Пушкинисты еще в тридцатых годах совершенно верно заметили, что Евгений «петербургской поэмы» вырос из другой фигуры — героя неоконченной поэмы «Езерский», задуманной еще в 1832 году. Тема «Езерского» — падение дворянских родов, наступление новой знати. Это тема того самого вытесняемого из истории дворянства, которое выступило 14 декабря, которое было, по мнению Пушкина, «страшной стихией мятежа». Таким образом, обреченный в своем бунте Евгений связывался в сознании Пушкина с декабристами, с их обреченным бунтом. Связывался не только «географически» — Сенатская площадь, — но по существу.
А кто такой Анджело? Ведь это такой же кондотьер высшей власти, как Бенкендорф, как Уваров, как та «бюрократическая аристократия», которая охраняла русское самодержавие от оппозиции дворянства. Анджело, сила которого только в благоволении герцога и который может быть уничтожен им в любую минуту так же, как по прихоти вознесен. По существу, это — «новая знать».
Конфликты «Езерского», «Медного всадника», «Анджело» сплетаются воедино.
Дук милостив и терпим. Анджело — безжалостен. «Царь любит, да псарь не любит» — так определил Пушкин свои последующие отношения с Уваровым.
Принято считать, что в трагическом столкновении Евгения с суровой государственной необходимостью Пушкин остался нейтрален.

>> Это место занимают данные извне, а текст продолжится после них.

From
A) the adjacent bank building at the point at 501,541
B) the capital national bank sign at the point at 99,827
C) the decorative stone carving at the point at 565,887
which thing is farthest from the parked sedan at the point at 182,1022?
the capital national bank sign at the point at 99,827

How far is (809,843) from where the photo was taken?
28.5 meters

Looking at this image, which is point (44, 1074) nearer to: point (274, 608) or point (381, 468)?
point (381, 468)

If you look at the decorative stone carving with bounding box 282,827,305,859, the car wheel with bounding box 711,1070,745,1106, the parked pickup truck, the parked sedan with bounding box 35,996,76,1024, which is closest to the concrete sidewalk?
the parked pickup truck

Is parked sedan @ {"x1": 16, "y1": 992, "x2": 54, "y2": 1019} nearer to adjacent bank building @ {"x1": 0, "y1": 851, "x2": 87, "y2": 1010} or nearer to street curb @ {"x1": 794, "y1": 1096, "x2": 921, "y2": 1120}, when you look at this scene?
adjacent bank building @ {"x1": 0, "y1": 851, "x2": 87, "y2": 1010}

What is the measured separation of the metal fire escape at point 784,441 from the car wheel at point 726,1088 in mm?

Он, дескать, понимает и ту, и другую сторону. По-человечески сочувствует Евгению, с точки зрения государственной признает историческую правоту Петра. Пушкин умел разделять эти сферы. Но ведь Евгений, двойник Езерского, не мог вызывать у Пушкина только человеческое сочувствие. Езерские и Дубровские — потомки «тех родов», что строили Русское государство, спасали его в Смутное время, их старшие братья пытались ограничить деспотизм в декабре 1825 года. За ними не только право на тихое домашнее счастье. За ними — право историческое, историческая правота. 14 декабря они ошиблись тактически. Стратегически, в масштабе русской истории, правы они, а не бескрылый демон бюрократии, вызванный к жизни Петром.
«Анджело» подтверждает это.
Передача самодержавной власти Анджело вызвана государственной необходимостью. Он должен безжалостными мерами оздоровить страну. Но оказывается, что носитель самодержавной власти — лицемер. Он готов на произвол. Он только делает вид, что закон для него святыня. В таких условиях самодержавная власть, по видимости действующая на благо государства, есть зло. Ибо она — аморальна.
В «Анджело» — впервые после «Годунова», — исследуя проблему власти, Пушкин выносит вперед ясное нравственное начало. В 1831 году это не играло для него такой роли. Нравственное начало, заглушенное в «Медном всаднике» громом исторических сдвигов, в «Анджело» становится определяющим.
Жестокость не может быть панацеей от общественных зол: вот вывод «итальянской поэмы». Жестокость — сестра безнравственности.
В «Анджело» и «Медном всаднике» Пушкин рассчитался с фетишем законности.
Не всякий закон справедлив только потому, что он — закон. Закон, по которому должен погибнуть Клавдио, — дурной закон, ибо вместо того, чтобы разрешить человеческую проблему, он убивает человека.
«Сила вещей», исторический закон, по которому гибнет Евгений, торжествует. Но можно ли смиряться с этим торжеством, если наследники первого императора ведут страну к катастрофе?
31 октября был закончен «Медный всадник».
2 ноября была закончена «История Пугачева».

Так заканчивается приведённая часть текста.